Me tuve que dar un tiempo para ver el partido amistoso Israel - Chile. A pesar de las fuertes responsabilidades estudiantiales, logré ubicar un televisor y un buen lugar para apreciar el tan esperando encuentro para aquellos que seguimos de cerca el fútbol.
Ansiedad. Eso pudo definir en gran medida el trámite del partido. Los nacionales se empecinaron en alcanzar la valla israelita con criteriosos y precisos toques (se nota mucho la preparación de los jugadores en ese sentido). Alexis Sánchez causaba estragos recibiendo el balón por la derecha, sector por donde Chile cargaba constantemente. Era cosa de tiempo. Tal cual como en el partido contra Paraguay en el Nacional. Y nuevamente, tal como frente a los eficientes paraguayos, Chile recibe un gol de manera desafortunada, que para mi fue un claro error arbitral. El marcador no reflejaba justicia; Lobos fue un espectador la gran mayoría del encuentro y la zaga nacional resolvía, como podía, los embates improductivos del conjunto de la estrella de David.
La ansiedad es un vicio en el fútbol. Se debe atacar en forma ordenada, y transformar la ansiedad y el ímpetu en un cúmulo inagotable e impredecible de ideas y buen fútbol. La falta de un referente en la zona de ataque gravitó sobremanera.
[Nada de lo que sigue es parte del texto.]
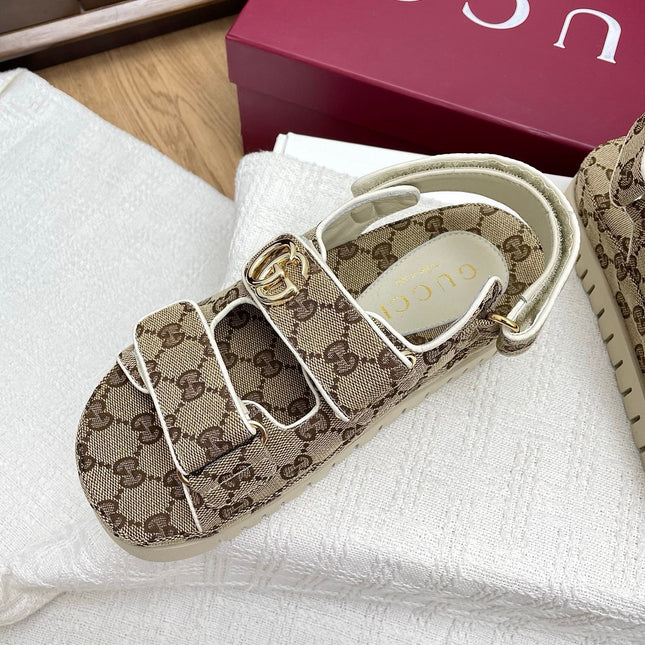 GG CLASSIC SANDALS 25S IN BEIGE FABRIC WITH GOLD HARDWARE
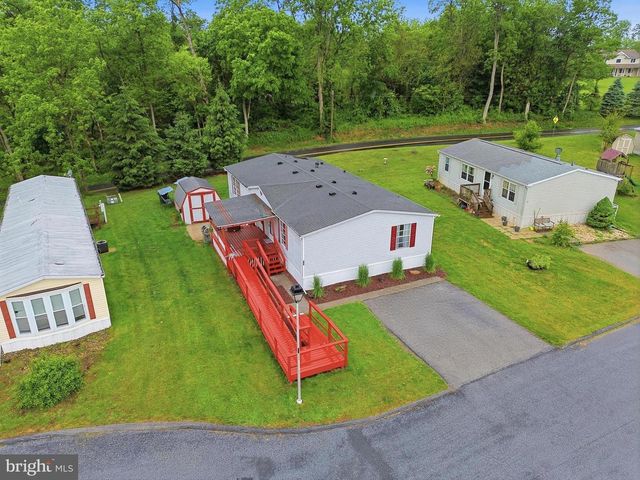 156 LINDA DR, New Oxford, PA 17350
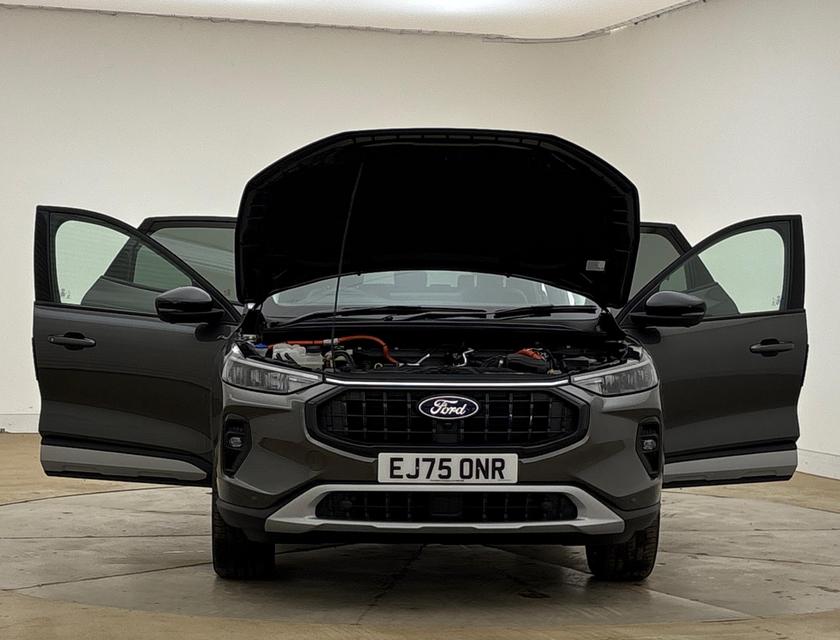 Ford Kuga Photo 0af6a7f3-1acf-4523-93e1-90bf5915953b.jpg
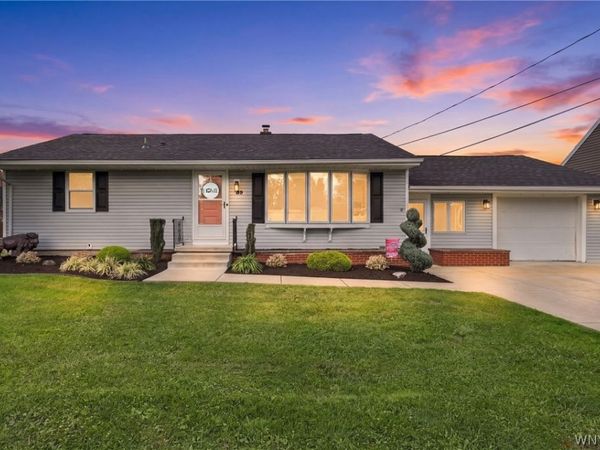 59 2nd Avenue , Lancaster, NY 14086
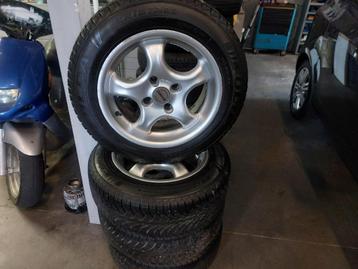 Enzo sportvelgen met banden beschikbaar voor biedingen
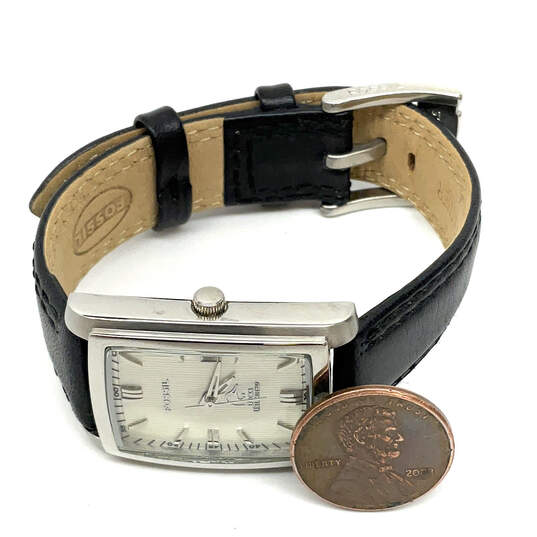 Designer Fossil Ducks Unlimited PR-5325 Square Dial Analog Wristwatch image number 2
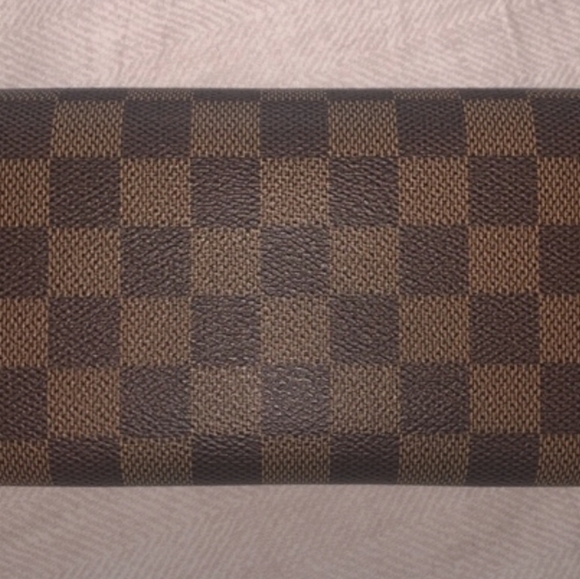 Louis Vuitton Canvas Wallet Authentic Re-Poshing - Picture 3 of 5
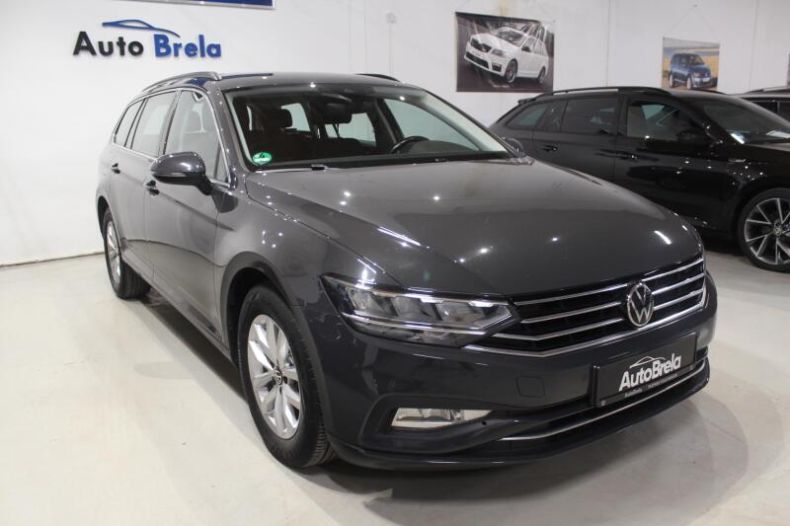 Volkswagen Passat - hlavní foto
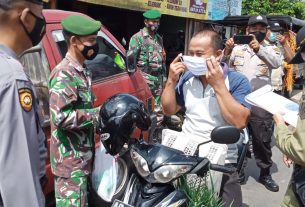 Koramil 14/Jatisrono, Dampingi GTPP Kabupaten Wonogiri Gelar Operasi Penegakan Disiplin Protokol Kesehatan Di Pasar Jatisrono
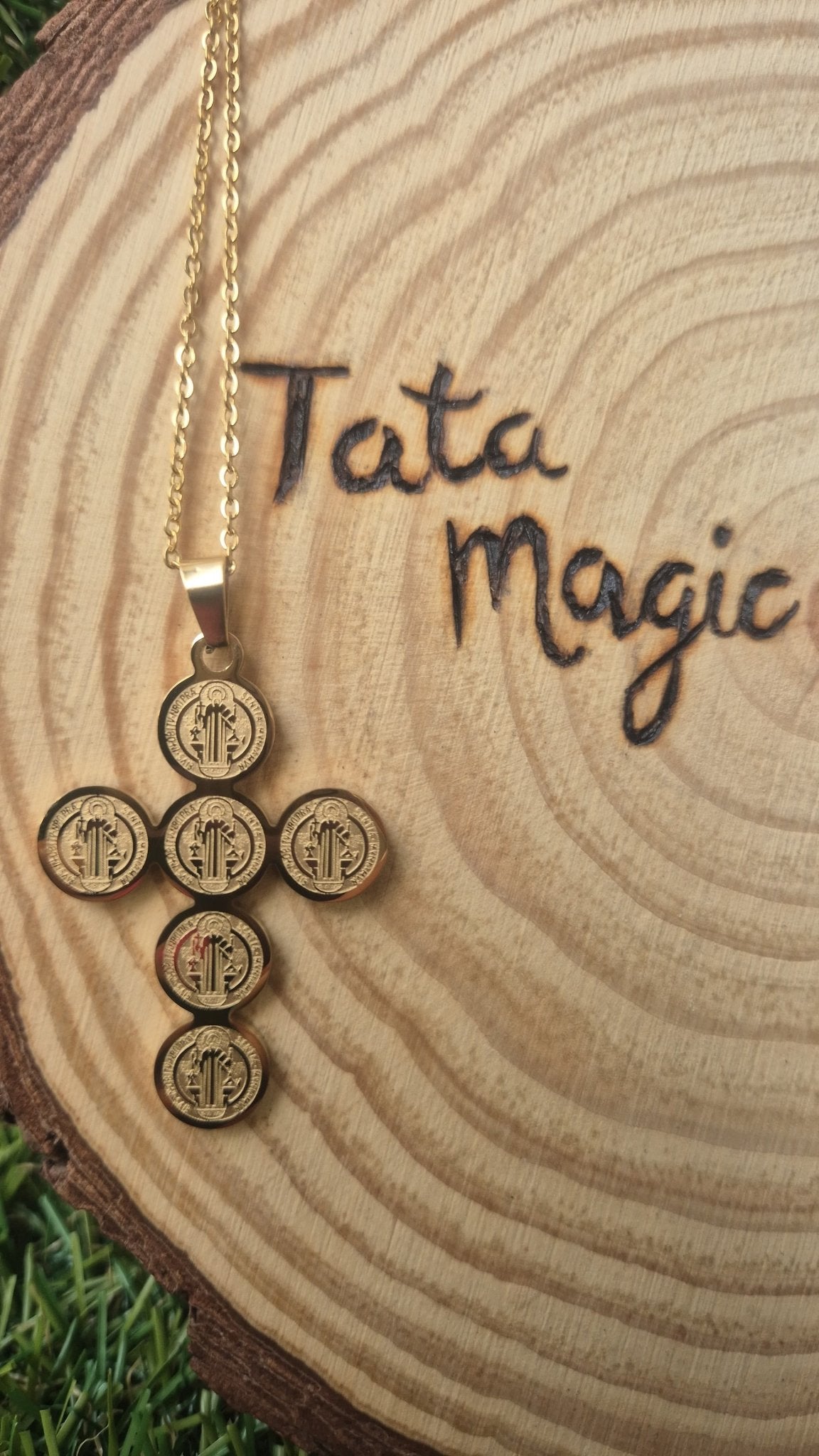Colgante Cruz san benito acero Tienda esotérica Málaga - La Tienda de Tata Magic: tienda Esotérica en Málaga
Con un referente arriba (llámese Marcelo Salas, Jorge Valdivia), el equipo tendría un ataque mucho más ordenado y esquematizado y esa ansiedad que contra Israel nos fulminó, serían "inventos" en la cancha que sin duda, dejarían goles y aplausos como saldo.
La selección nacional tiene jugadores de gran nivel, en un esquema que aprovecha la vocación ofensiva de cada jugador que integra el combinado chileno. Es cierto que siembra dudas perder contra un rival discreto, pragmático (ratón) y escaso de fútbol, pero también es cierto que tenemos un gran técnico a la cabeza, que no tapa el sol con un dedo, que reconoce lo que falta y que, de todas formas, el material está. Chile debe tener, en cuanto a nombres y equipos,una de las mejores selecciones de todos los tiempos. Se debe plasmar esos rendimientos individuales en rendimiento colectivo.
Es de esperar que Marcelo Bielsa logra que el principio de sinergia se apodere de la selección nacional y que la Roja nos deje de hacer soñar y nos lleve a la máxima cita mundial con buen fútbol.